=== Task brief ===
The result should be the lines from the one holding "Pontoon Boat Captain" to the final line of the records below, repeated exactly and with no pictures.

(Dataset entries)
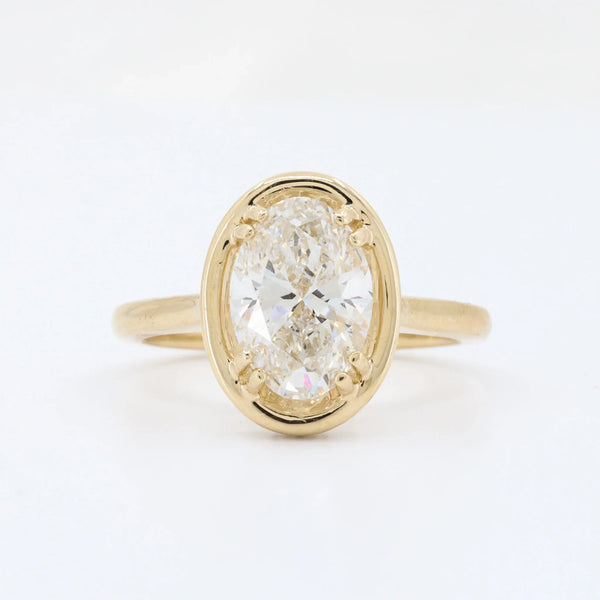 Lab Grown Diamond Faux Bezel Ring, 2.02ct F VS1 Oval Diamond with 0.13cttw Hidden Halo Diamonds in 14K Yellow Gold - Kizer Cummings Jewelers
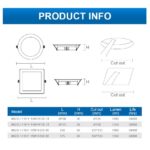 Megaman tri-tone downlight dimensions and cut-out size chart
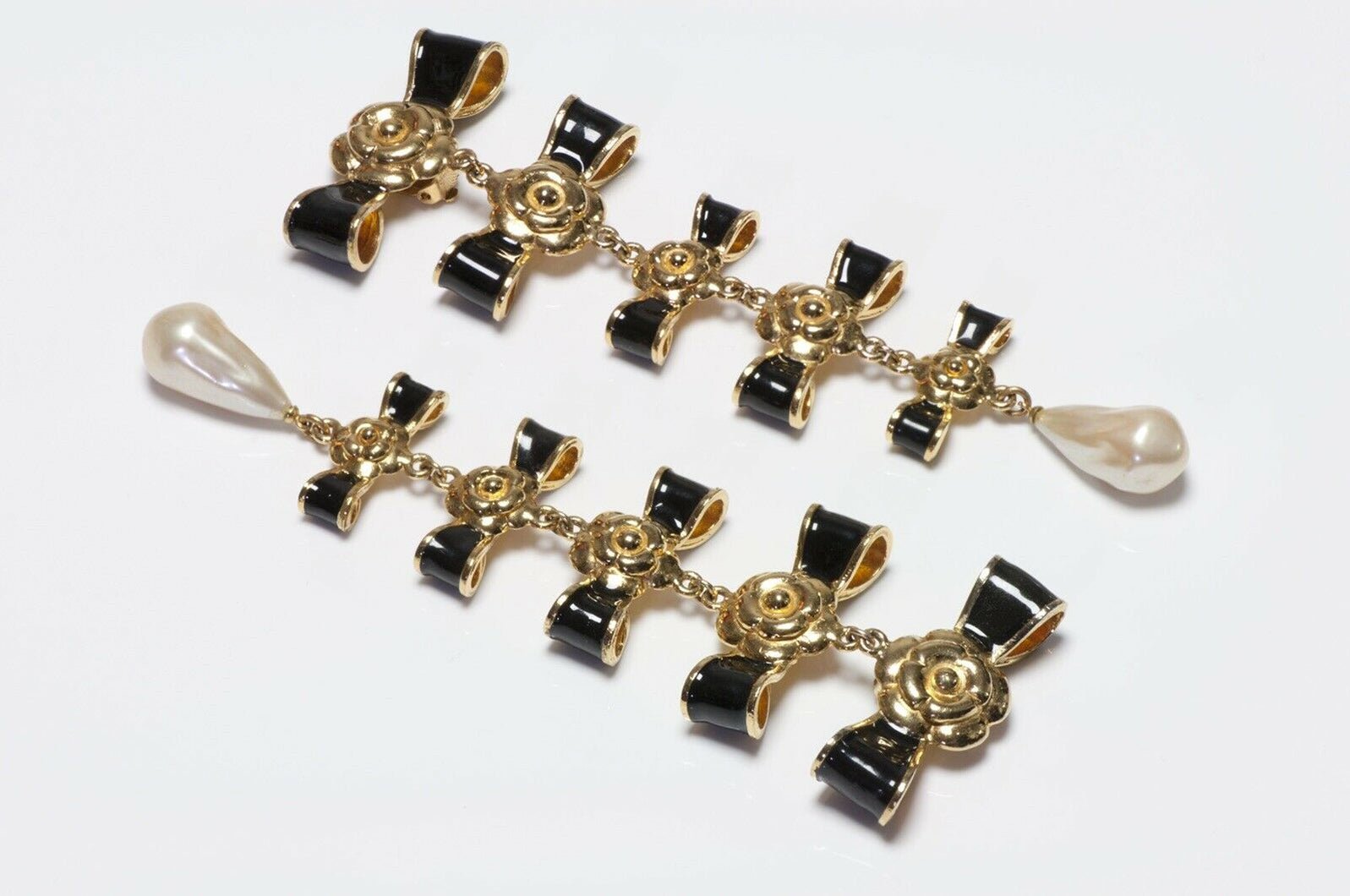 CHANEL Paris Extra Long Black Enamel Bows Camellia Pearl Earrings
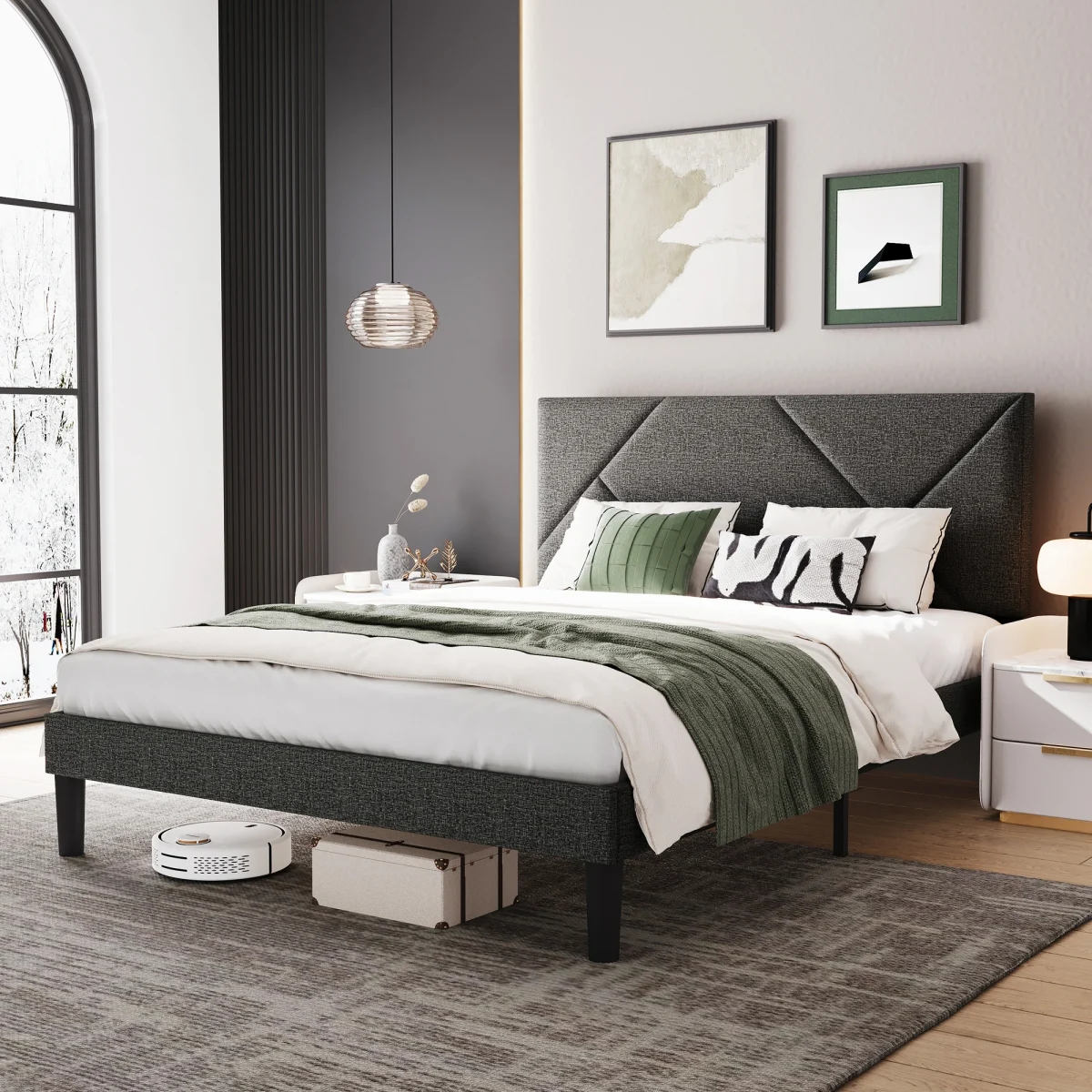 LINSY HOME Queen Bed Frame with Adjustable Headboard, Linen Upholster Bed Frame with Wooden Slats Support, NO Box Spring Needed - Image 1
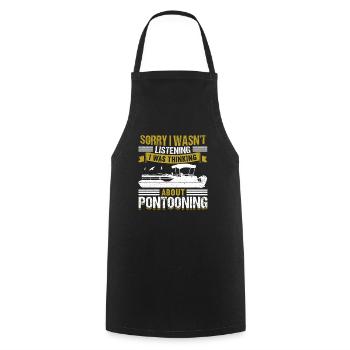 Pontoon Boat Captain Boating Lake Pontoon - Cooking Apron - black - Front - AI Model Male 185 dark (185cm)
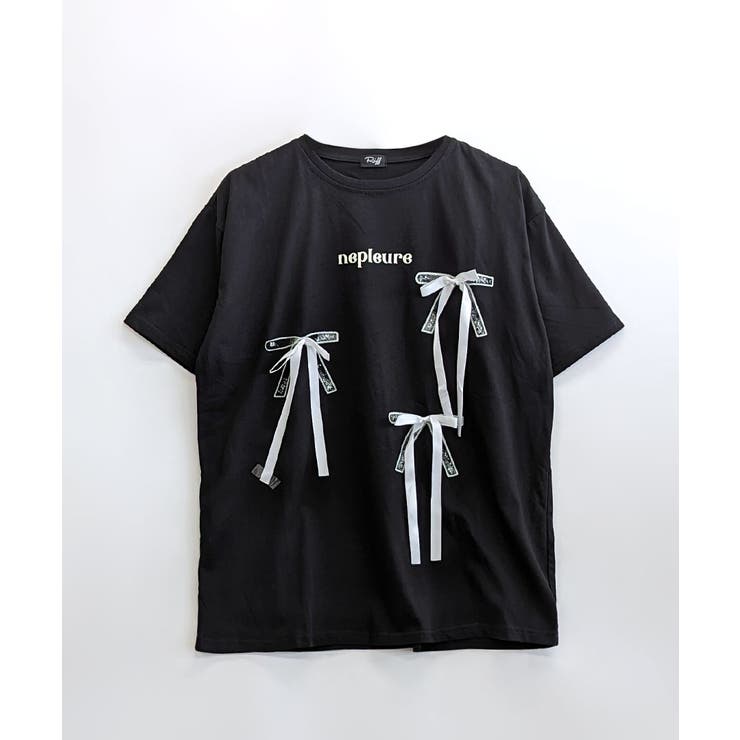 リボンロゴプリントTシャツ リボン付き ロゴプリント[品番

=== Your solution ===
 Pontoon Boat Captain Boating Lake Pontoon - Cooking Apron - black - Front - AI Model Male 185 dark (185cm)
 リボンロゴプリントTシャツ リボン付き ロゴプリント[品番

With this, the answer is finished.